Your instructions: Please look for the string "Round" below and report every line in which it occurs.

Recorded data:
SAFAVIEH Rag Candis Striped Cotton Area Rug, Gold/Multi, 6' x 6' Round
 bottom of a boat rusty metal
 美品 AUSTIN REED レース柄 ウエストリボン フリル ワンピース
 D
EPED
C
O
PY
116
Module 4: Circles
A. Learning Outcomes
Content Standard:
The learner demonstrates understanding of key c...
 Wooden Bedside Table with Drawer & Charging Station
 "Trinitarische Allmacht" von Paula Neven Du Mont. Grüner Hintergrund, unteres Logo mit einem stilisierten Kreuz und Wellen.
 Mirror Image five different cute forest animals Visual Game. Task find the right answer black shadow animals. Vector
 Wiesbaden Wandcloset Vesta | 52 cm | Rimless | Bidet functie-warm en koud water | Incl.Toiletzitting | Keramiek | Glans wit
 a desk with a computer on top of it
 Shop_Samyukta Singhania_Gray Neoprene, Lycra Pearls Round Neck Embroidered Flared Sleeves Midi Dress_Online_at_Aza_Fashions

Solution below:
SAFAVIEH Rag Candis Striped Cotton Area Rug, Gold/Multi, 6' x 6' Round
 Shop_Samyukta Singhania_Gray Neoprene, Lycra Pearls Round Neck Embroidered Flared Sleeves Midi Dress_Online_at_Aza_Fashions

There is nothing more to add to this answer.